Evaluation of PRKAA2 Genetic Variation on Metformin Efficacy as an Initial Therapy Among Drug-Naïve Patients With Type II Diabetes Mellitus

Abstract

Background: Metformin is the most popular oral antidiabetic agent, which is recommended as initial monotherapy. AMPK is the pivotal target of metformin molecular mechanisms. AMPK subunit a2 (encoded by PRKAA2) is a gene contributable to increase type 2 diabetes mellitus (T2DM) risk. This study aimed to evaluate PRKAA2 rs2796498, rs2746342, and rs980799 genetic variations on metformin efficacy.

Methods: This study enrolled 191 newly diagnosed Indonesia T2DM patients in primary health care. Patients who received metformin as monotherapy for at least 3 months were included for genotyping. Genotyping was performed using the Taqman assay.

Results: Baseline characteristics showed that BMI was higher among AA than GG+AG (p=0.04). Patients with TT genotype showed a higher FBG and HbA1c than GG+GT (p=0.02 and p=0.02, respectively). There was no significant difference in allele and genotype frequencies between responders and non-responders group in PRKAA2 rs2796498, rs9803799, and rs2746342. However, among PRKAA2 rs2796498, AG carrier had 0.32 times of responding in metformin efficacy after adjusting BMI, WC, blood pressure, lipid profiles, and eGFR. Dominant model of rs2796498 showed a significant association (OR=0.34, 95%CI=0.13 – 0.90) to metformin efficacy. 

Conclusions: Our findings suggest that PRKAA2 rs2796498 genetic variation may affect metformin efficacy, especially AG carrier, in drug-naïve T2DM patients.

Introduction

Metformin is notable as the most prescribed medicine for T2DM patients as a recommended initial type 2 diabetes mellitus (T2DM) therapy by many international guidelines. Drug-naïve T2DM patients who have HbA1c 7-9% are suggested to consume metformin until it reaches the maximum doses before adding a second agent [1, 2]. Metformin considerably has better safety and efficacy as initial T2DM therapy [3]. Metformin is a guanidine derivate which acts as an unchanged form. Metformin specifically reduces blood glucose by enhancing glucose uptake in peripheral tissue and suppressing glucose hepatic production [4–6]. The underlying complex molecular mechanism of metformin has been observed in many studies, and AMP-activated protein kinase (AMPK) was mentioned to have a pivotal role in metformin action [7, 8].

AMPK is a cellular energy sensor whose phosphorylation is stimulated by lower ATP concentration in cells. AMPK has three subunits consisting of a, b, and g. AMPK suppresses the anabolic process, which utilizes ATP [9]. Metformin stimulates phosphorylation of Thr-172 at a catalytic unit [10]. Some studies also demonstrated that metformin activates AMPK after inhibiting mitochondrial complex I respiratory chain. Thus it reduces the ATP level [8, 11]. Furthermore, other studies reported that LKB-1 is also involved in AMPK activation by metformin [12]. Besides, AMPK via acetyl-CoA carboxylase 1 (ACC1) and ACC2 could inhibit malonyl CoA synthesis. As a result, it reduces lipogenesis and increases insulin sensitivity [13]. Therefore, metformin does not affect weight gain.

Nevertheless, there is a different efficacy of metformin among T2DM patients [14]. Metformin efficacy is affected by various factors, including age, lifestyle, baseline HbA1c, adherence [15, 16], gene-drug interaction, and gene-environment interaction [17]. Inter-individual variability plays an important role in drug response affected by drug-gene interaction. Therefore, pharmacogenomic still be a promising study for discovering the relationship between gene and medicine's pharmacodynamic and pharmacokinetic, in this context especially metformin efficacy.

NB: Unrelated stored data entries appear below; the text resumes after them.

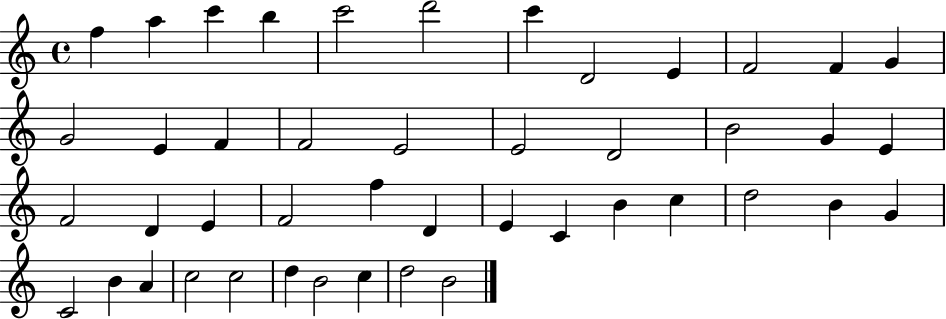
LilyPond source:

{
  \clef treble
  \time 4/4
  \defaultTimeSignature
  \key c \major
  f''4 a''4 c'''4 b''4 | c'''2 d'''2 | c'''4 d'2 e'4 | f'2 f'4 g'4 | \break g'2 e'4 f'4 | f'2 e'2 | e'2 d'2 | b'2 g'4 e'4 | \break f'2 d'4 e'4 | f'2 f''4 d'4 | e'4 c'4 b'4 c''4 | d''2 b'4 g'4 | \break c'2 b'4 a'4 | c''2 c''2 | d''4 b'2 c''4 | d''2 b'2 | \break \bar "|."
}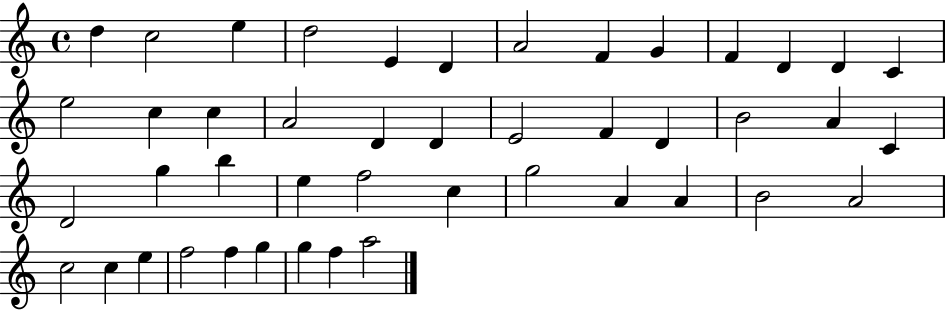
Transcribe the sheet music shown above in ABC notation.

X:1
T:Untitled
M:4/4
L:1/4
K:C
d c2 e d2 E D A2 F G F D D C e2 c c A2 D D E2 F D B2 A C D2 g b e f2 c g2 A A B2 A2 c2 c e f2 f g g f a2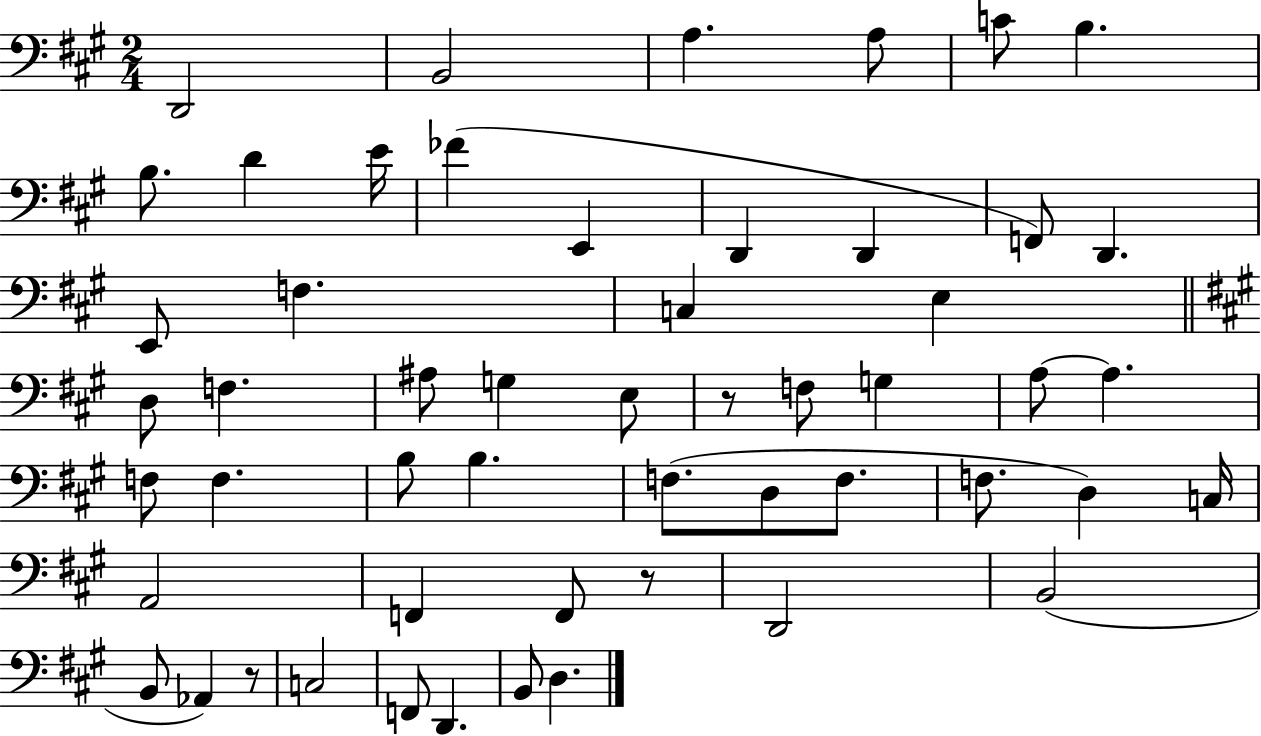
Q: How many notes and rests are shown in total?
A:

Many studies have explored the effect of genetic variation on metformin response in the pharmacokinetic area [18, 19]. Otherwise, a little study conduct pharmacogenomic research focused on the pharmacodynamic of metformin. Accordingly, it is relevant to explore pharmacogenetic concerning the pharmacodynamic of metformin in achieving the HbA1c goal. Since AMPK is involved as the main target in the metformin molecular mechanism, genes coding AMPK may have contributable to metformin efficacy. A recent review declared that PRKAA2 coding AMPKa2 is one of a gene related to clinical outcomes after metformin therapy [20]. Nevertheless, that review has not mentioned an SNP of PRKAA2 contributing to metformin response yet.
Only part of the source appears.